NOW, THEREFORE, in consideration of
the agreement and mutual covenants of the parties as contained in
this Agreement, the parties agree as follows:
1. Severance Payments . In
exchange for the promises made by Executive in this Agreement and
his performance of those promises, Employer will pay Executive his
salary at Executive’s current base pay through
December 31, 2007, subject to applicable withholdings
(“Severance Payments”).

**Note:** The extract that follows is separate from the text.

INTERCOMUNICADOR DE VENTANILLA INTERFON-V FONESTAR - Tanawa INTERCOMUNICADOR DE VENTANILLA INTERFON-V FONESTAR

Employer shall pay such
Severance Payments on its regularly scheduled paydays, the first of
which to be paid on the next regularly scheduled pay day following
the eighth day after Executive’s execution of this
Agreement.
2. COBRA Continuation .
Subject to Executive’s full acceptance of this Agreement,
Employer will pay all expenses associated with the continuation of
Executive’s health plan coverage under the Consolidated
Omnibus Budget Reconciliation Act of 1985 (“COBRA”)
through December 31, 2007, unless Executive secures comparable
coverage through another employer prior to such time. If Executive
declines to accept this Agreement, Executive will still have all
rights under COBRA; however, Executive will be responsible for
paying all expenses associated with the continuation of health plan
coverage.
3. Vacation Pay . Employer
will pay Executive for all earned, but unused vacation on the next
regularly scheduled payday after the Separation Date. As vacation
is accrued under the Bank’s employment policies and Executive
accrues at the rate of 1.67 days per month, and Executive has taken
1 day of vacation during calendar year 2007 thus far, Executive
will be paid for .67 days of vacation.
4. Public Announcement and
Reference Letter . The parties agree to make a public statement
regarding Executive’s departure from employment with the Bank
and Bancorp which states “Ron Wiley has submitted his
resignation from the Bank and Bancorp to pursue other
opportunities.” The Bank will provide Executive with a
reference letter in the form attached hereto as Exhibit A for his
use in pursuing other employment opportunities.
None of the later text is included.